Não sei se o que impressionou mais o presidente Hoover foram as mulheres nuas se os gangsters aos tiros. O que se sabe é que Hoover declarou que era finalmente preciso fazer alguma coisa contra aquele estado de coisas.
A Capone teríam que lhe pegar pelo lado da contabilidade. Da contabilidade com o fisco. Mas começariam pelo nº 2 de Capone, Frank Nitti. Calcularam-lhe os ganhos e as despesas e não viram documento probatório de que tivesse algum dia pago impostos. Cadeia com ele. 18 meses. E multa de 10.000 dólares.
A seguir foi o irmão de Capone, Ralph. Três anos numa penitenciária do Kansas.
Al Capone nunca conseguiria realizar o sonho de voltar a Los Angeles e por lá se radicar. E assim porque nunca conseguiu infiltrar-se nos sindicatos do crime que dominavam Hollywood, roubando as quotizações aos associados, extorquindo dinheiro aos estúdios. Não o fez Capone em Hollywood. Mas houve muito quem o fizesse.

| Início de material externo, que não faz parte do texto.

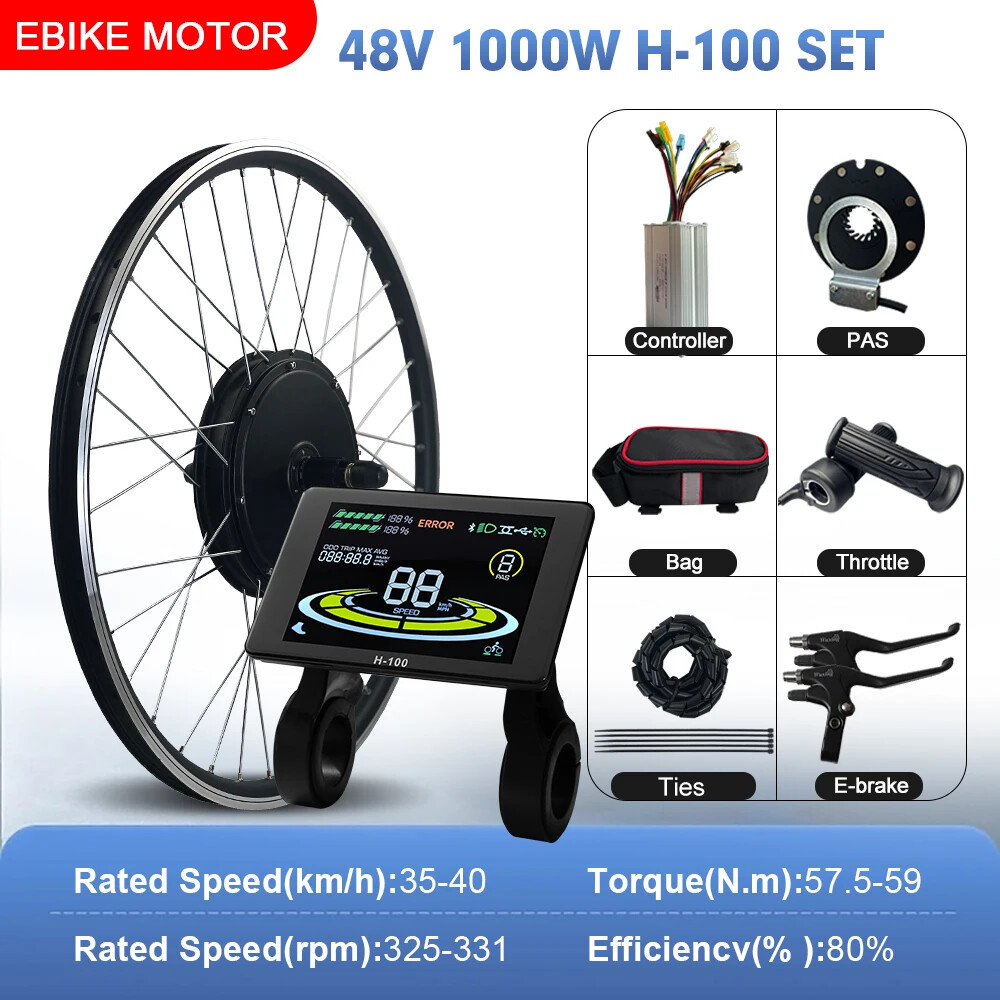 Electric Bike Conversion Kit 48V 1000W Brushless Rear Cassette Hub Motor Wheel
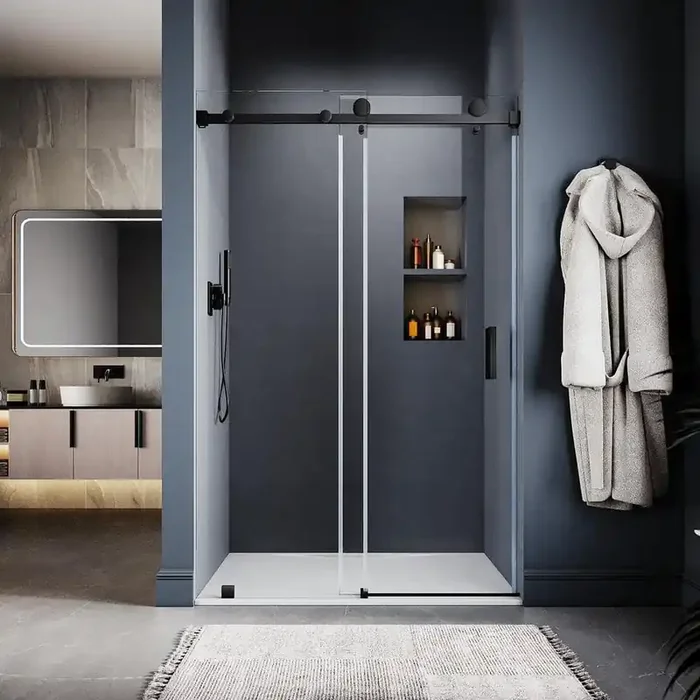 UKS05 46 to 49 in. W x 80 in. H Sliding Frameless Shower Door in Matte Black, EnduroShield 3/8 in. SGCC Clear Glass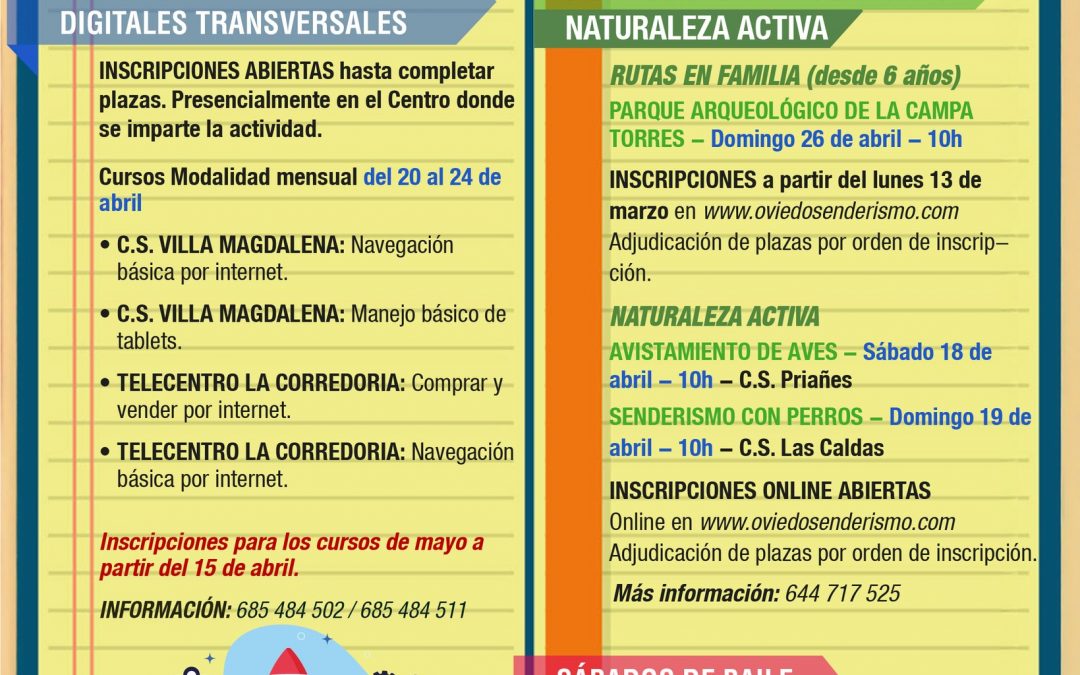 AGENDA – Semana del 13 al 19 de ABRIL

A Proibição acaba em 5 de Dezembro de 1933. Às mafias toca-lhes inventar novos meios de enriquecimento ilícito. Hollywood acena-lhes. Hollywood é uma tentação. 
E Capone tem sucessores em Chicago. Sucessores mais modernizados e profissionais do que ele, e que planeiam alto e em grande. Por exemplo, apoderarem-se das grandes companhias produtoras de filmes.
   





1 comentário:

  1. Faz pensar que o chamado "sonho americano", utopia almejada por tantos....tenha como base criminosos deste calibre. Até podemos recuar ao filme de Scorcese "Gangters de Nova Iorque".